Recently I had the chance to sit down with Auxano’s Digital Engagement Leader (and Guest Experience Navigator), Bob Adams, and talk about reading. We captured the conversation on the My Ministry Breakthrough podcast as a way to encourage other leaders in their reading. Many of us will create goals around reading in light of a New Year and, to some, a new decade of church ministry. In this episode, Bob outlines 10 Benefits of Regular Reading.

Inspired by Bob’s list, I have added some thoughts of my own and set up a personal reading goal for 2020 for each point made. Here are ten ways reading will benefit your life and ministry in 2020:

Benefit #1 – Reading builds a connection between your brain synapses. Unlike visual video media consumption, the thought required by reading forms new connections in your brain by stimulating thinking. Video media already creates the scene, moment, or location on-screen, as opposed to your mind assembling words into a picture. Read to promote brain health and growth.

2020 Goal: Read for at least 20 minutes every day.

Benefit #2 – Reading reduces stress by being a mental pressure relief valve. Reading, particularly fiction reading, takes your mind to a different place through challenging ideas or changing landscape. Reading slows your body but not your mind, in the way that Netflix watching will. Just a few minutes of reading can change your perspective and affect your emotions. Read to be a better version of yourself.

2020 Goal: Read at least one fiction or pleasurable book every quarter.

Benefit #3 – Reading increases knowledge at all levels. Reading forces you to confront new ideas and process them in light of personal experience or other reading. Reading builds your knowledge base around a particular subject allowing multiple perspectives from different authors. Even if you are only reading at an elementary level (Bob unpacks Mortimer Adler’sAdler’s levels of reading in the episode), knowledge development still takes place.
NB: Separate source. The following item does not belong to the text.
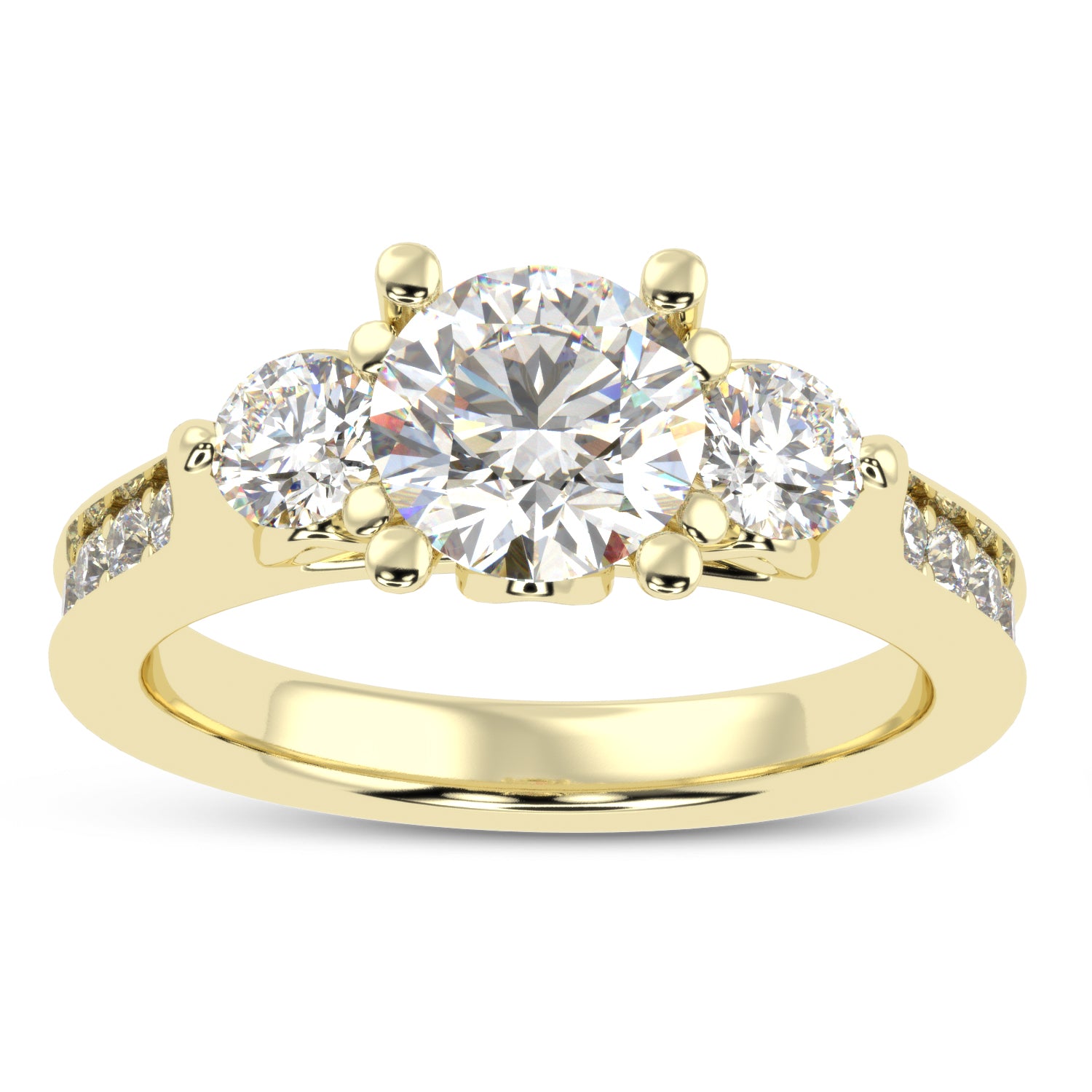 Buy 2.01Ct Three-stone Natural Diamond Ring | Solitairekart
Read to develop proficiency in an area or subject.

2020 Goal: Read one book on a subject or topic almost entirely unknown. 

Benefit #4 – Reading expands your vocabulary. Many books are written for a narrow scope of readers, or from a particular point of view. These books often contain a specific vernacular. Confronting and defining words you have never engaged before adds new ammunition to your conversational arsenal. New words create new worlds in your mind and your life. Read to sound and be smarter.

2020 Goal: Learn and incorporate 20 new words into everyday conversation in 2020.

Benefit #5 – Reading makes you a better writer. Everyone who communicates is, in some way, a writer. Pastors write out sermons. Managers write staff evaluations. Teachers write lesson plans. Every conversation in some way takes writing even if you never actually put words into print. Reading reinforces acceptable grammar and proficient sentence structure. Read to write better.

2020 Goal: Work on one communication piece (ebook, blog, sermon, or consulting plan) for at least one hour every week.

Benefit #6 – Reading supports the skills to be an analytical thinker. This benefit can be a challenge. Moving beyond face value in an author’s words to confront their opinion or point of view requires effort beyond consumption. You do not have to agree with every author, or every author’s position, to appreciate their book. Read to strengthen or challenge your convictions.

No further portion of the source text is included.